Optimising for value versus purchases: when value bidding lifts your AOV

Optimising for purchases teaches Meta to find as many buyers as possible, optimising for value teaches it to find valuable buyers. Value bidding can raise your average order value, but it needs enough signal volume to work.

Optimising for purchases tells Meta: find me as many buyers as possible. Optimising for value tells Meta: find me the buyers who spend the most. That difference can raise your average order value considerably, because the algorithm goes looking for the people who place big orders instead of simply the most orders. But value bidding only works if you have enough signal volume. Without it the algorithm has nothing to steer on.

What exactly is the difference?

When optimising for purchases, every conversion counts equally. An order of twenty euros and an order of two hundred euros are the same to the algorithm: a purchase. So Meta goes looking for people likely to buy, regardless of how much they spend. When optimising for value, you attach an amount to every conversion, and the algorithm learns from that. It no longer looks for the most buyers, but for the buyers who together deliver the highest value.

That sounds logical and attractive, and it is, provided the conditions are met. The algorithm can only steer on value if there really is a difference in what your customers spend, and if enough orders come in to extract patterns. Value bidding is not a button you flip for free revenue, it is a strategy with requirements. And those requirements are hard: an account that switches to value too early loses stability instead of winning AOV. So it pays to look honestly at your own order volume before you flip the switch.

When does value bidding raise your AOV?

Value bidding pays off most when your catalogue has a wide price range. If you sell products at both twenty and two hundred euros, there is genuinely something to win: the algorithm can learn who places the expensive orders and look for more of those people.

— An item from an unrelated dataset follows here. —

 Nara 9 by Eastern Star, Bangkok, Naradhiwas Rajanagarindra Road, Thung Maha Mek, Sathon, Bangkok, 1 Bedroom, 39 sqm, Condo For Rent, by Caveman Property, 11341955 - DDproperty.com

If you also have bundles, higher price points or customers who buy a lot at once, value optimisation gives the system something meaningful to aim for.

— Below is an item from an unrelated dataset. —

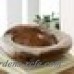 Foundry Select Alvares Teak and Resin Decorative Bowl FNDS1516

You see the effect back in your average order value. Where optimising for purchases can bring you cheap buyers who erode your margin, value optimisation attracts the customers who spend more. For brands with a low margin per order that can be the difference between profitable and not, because every euro of ad budget now delivers a higher average order.

Optimise for purchases and you buy buyers. Optimise for value and you buy spend.

How much signal volume do you need?

This is the trap. Value optimisation learns from your conversion values, and to learn it needs enough data. If you are at a handful of orders a week, the algorithm has too little signal to reliably steer on who places the big orders. It then guesses more than it learns, and your results become erratic. In that case optimising for purchases is more stable, because it steers on a simpler goal.

  • Enough orders: you need sufficient conversions per week so the algorithm can find patterns in the value.
  • Real spread: there has to be a difference in what customers spend, otherwise there is nothing to optimise.
  • Clean value signals: the conversion value you feed back has to be correct, otherwise the system learns the wrong thing.
  • Enough budget: value optimisation needs room to learn before it pays off, like any learning phase.

In short, value bidding is powerful but hungry. It rewards accounts with volume and spread, and it punishes accounts that switch it on without the data to feed it. Know your position before you switch.

How do you choose between the two?

Look at your catalogue and your volume. If you have a wide price range and enough orders, value optimisation is worth trying, because there is room to raise your AOV. If you sell mostly one price point or still run limited volume, you are better off on purchases, because the algorithm then has a clearer and more achievable goal. You can also grow toward value optimisation: start on purchases, build volume and switch once you have enough signal.

That is how we approach it at AdSplicit. With 15M+ in profitable ad spend across 65+ brands we choose the optimisation goal based on the data the brand actually has, not on what sounds best in theory. The right choice is the one that fits your catalogue and your volume today, and it evolves as you scale. A good rule of thumb: if you doubt whether you have enough volume, you probably do not yet, and then you build further on purchases first.

Conclusion

Optimising for value can raise your average order value because the algorithm seeks the buyers who spend the most, but it needs enough signal volume and real spread in order value. If you have those, value pays off, if you do not, you stay on purchases. Want to know which optimisation goal fits your catalogue and volume, or whether you are ready for value bidding? Book a call and we will gladly look at it with you.

Frequently asked questions

Does value bidding always raise my AOV?
No, only if there really is a difference in what your customers spend and you have enough orders. Without spread in order value and sufficient signal volume the algorithm has nothing to steer on, and then it delivers nothing extra.
How many conversions do I need for value optimisation?
Enough for the algorithm to find patterns in the value, usually considerably more than for regular purchase optimisation. If you run few orders, optimising for purchases is more stable until you have more volume.
Can I switch from purchases to value later?
Yes, and that is often the smartest route. Start on purchases, build volume and spread, and switch to value optimisation once you have enough signal to feed it. That way you grow toward the strategy instead of forcing it.